-- Task details --
What is wanted is every line below from the one with "Robot vacuum cleaner under bed" up to and including the one with "960 Lands End End, North Saanich, BC", retyped exactly, pictures excluded, nothing else.

-- Records provided --

· · · ·

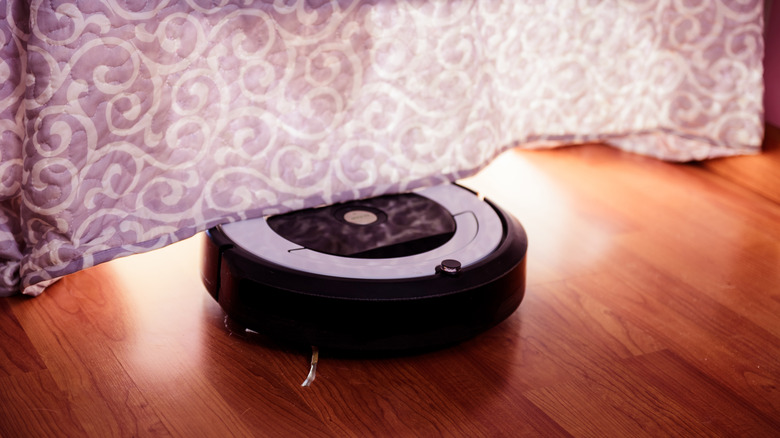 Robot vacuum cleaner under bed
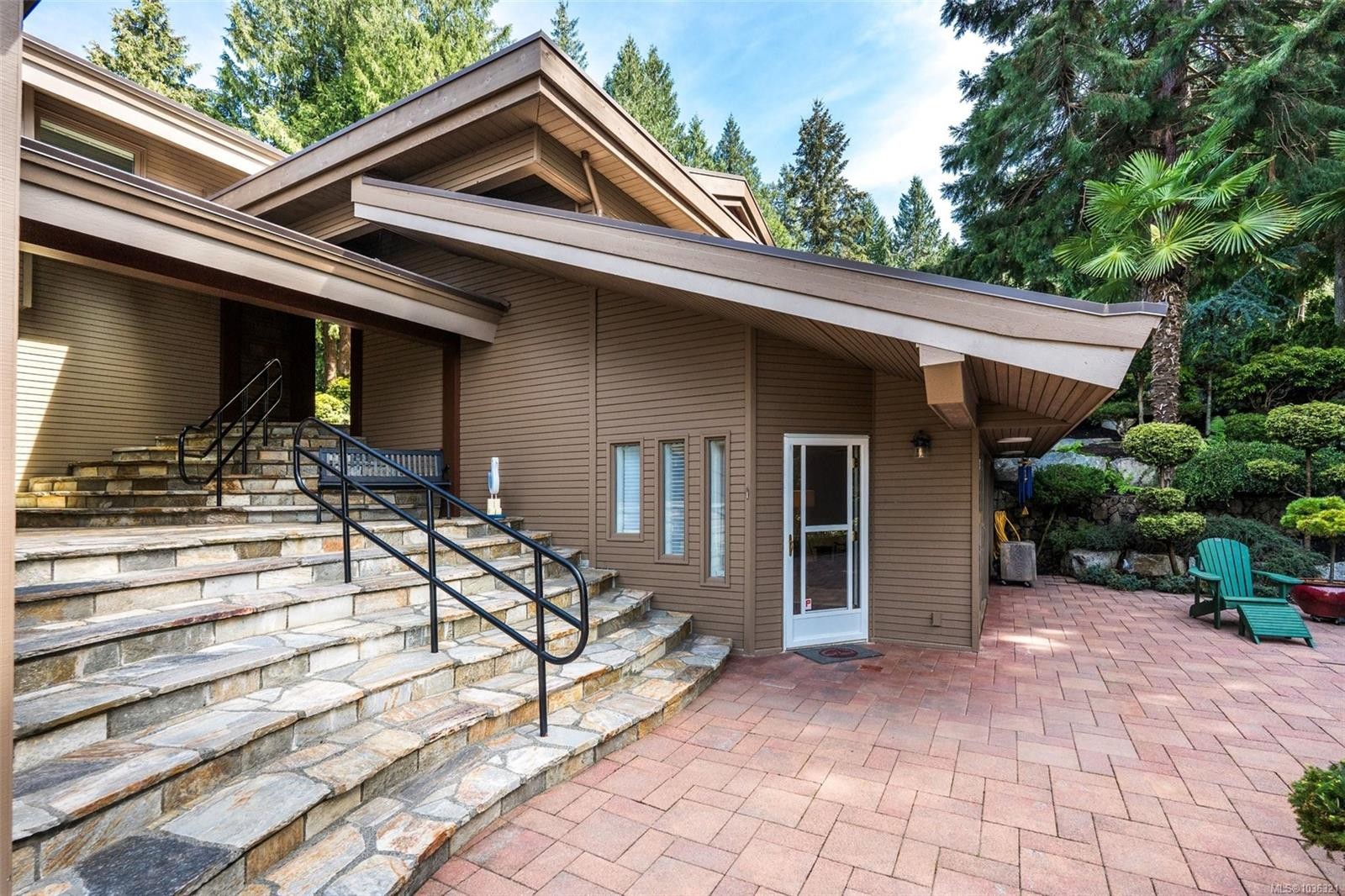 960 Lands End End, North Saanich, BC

· · · ·

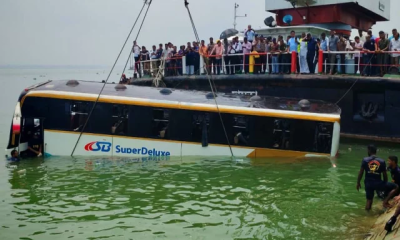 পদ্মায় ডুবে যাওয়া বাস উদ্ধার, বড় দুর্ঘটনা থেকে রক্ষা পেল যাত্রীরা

· · · ·

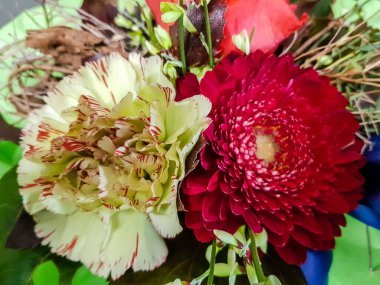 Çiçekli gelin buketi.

· · · ·

-- Problem solution --
 Robot vacuum cleaner under bed
 960 Lands End End, North Saanich, BC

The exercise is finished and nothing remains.